Anyway, let’s get back to this sunburn-inducing hot take.
Moving on to the tension-free spectacle of heroes punching heroes — lots of flying bodies, minimal damage done
It’s legitimate to point out that the hero vs. hero scenes have less tension early on because you can even tell that they don’t really want to hurt each other, which makes sense within the context of the story. But that’s discounting a wide swath of action in this movie that isn’t hero vs. hero or done with lighthearted intention.
(Spoilers for Civil War from here on out)
Black Panther really wants to kill Bucky. Those FBI agents really want to kill Bucky, and Cap has to work harder to make sure Bucky doesn’t hurt them too much. And at one point late in the movie, even Tony Stark and Steve Rogers look ready to kill each other. You really think there was no tension when Cap was about to bash the shield into Tony’s face after disabling his arc reactor? You got nothing from that?
And finishing with the final reveal of the evil mastermind’s absurdly convoluted plot.
We can definitely complain about how strangely detailed it is, but it’s still on par with other convoluted master plans like the Joker’s in The Dark Knight. Though Lickona probably hated that too.
While it’s a peculiar plan to wrap your head around, it’s at least worth mentioning that the ending subverts your expectations of the villain, his motivations, and how the movie plays out. You think it’s going to end with the heroes uniting to stop a bigger threat, but instead, the villain wins and divides them.
But no, the plot is somewhat convoluted, so the whole thing is worthless.
The jokey super-banter remains to provide comic relief, and there are one or two moments that really stick (Cap vs. a helicopter, Iron Man vs. his own rage, and hey look, Spider-Man!).
“I like some stuff in this movie. 1/5 stars.”
No seriously, that’s his rating.
But mostly, this one registers as sound and fury, signifying sequels.
Just like Empire Strikes Back, which ended on a cliffhanger.

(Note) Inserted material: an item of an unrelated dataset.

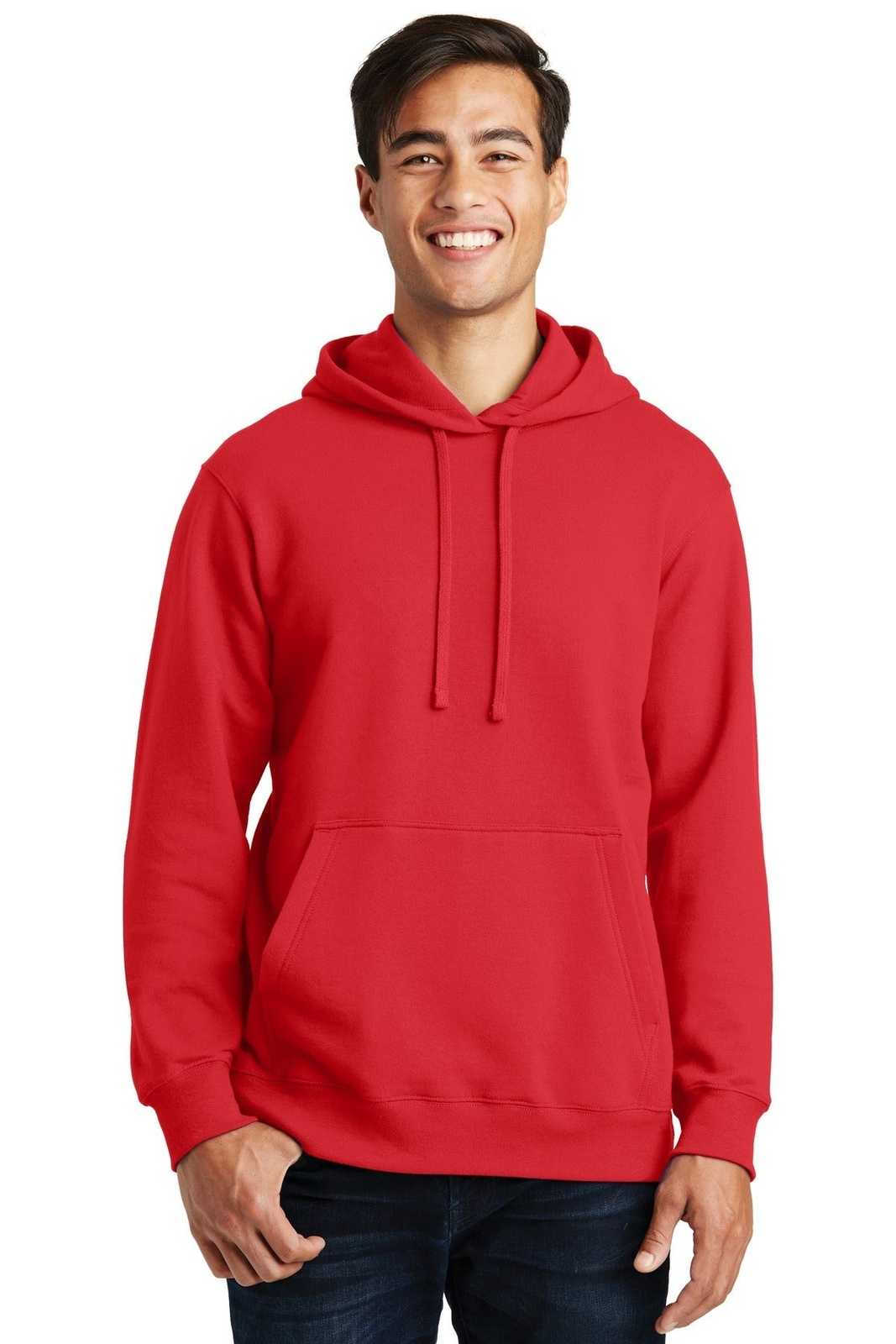 Port &amp; Company PC850H Fan Favorite Fleece Pullover Hooded Sweatshirt - Bright Red - HIT a Double - 1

Obviously, a movie that spends too much time setting up for future installments, rather than providing a great story, deserves the criticism. But Civil War was far more payoff than buildup to something else, and the fact that it does at times lay seeds for future films doesn’t suddenly poison the entire picture, unless you let it.
Look, I get that Civil War is a flawed movie and it certainly isn’t for everyone. And I totally buy that Lickona thought it was a bore of a movie, and that’s fine. My issue is that his review completely ignores his readership, or an understanding of why people love movies. He’s actively misleading people by dishing out crude marks based on glorified nitpicks.
By all means, break the movie down and explain what the instruments are that delude you. Don’t just slap a 1/5 stars on your paragraph of copy and then make sarcastic comments on repeat.
So I’m left wondering why Lickona even reviews movies at all, based on the clear evidence that he seems to hate the vast majority of them.
What, don’t believe me? Here are some other films Matthew Lickona has rated 2/5 stars or lower:
- Inside Out
- Star Wars: The Force Awakens
- Dead pool
- The Martian
- Big Hero 6
- The Good Dinosaur
- Gone Girl
- Guardians of the Galaxy
- How to Train Your Dragon 2
- X-Men: Days of Future Past
- Captain America: The First Avenger
- Bridge of Spies
- The Fault in Our Stars
- The Imitation Game
- Avengers: Age of Ultron
- Edge of Tomorrow
- Kingsman: The Secret Service
- The Dark Knight Rises
And many, many more.
Guess how many movies he’s rated 5/5.
Right! The answer is 0. And this guy expects you to believe him when he says that Captain America: Civil War is a bad movie because something something pejorative.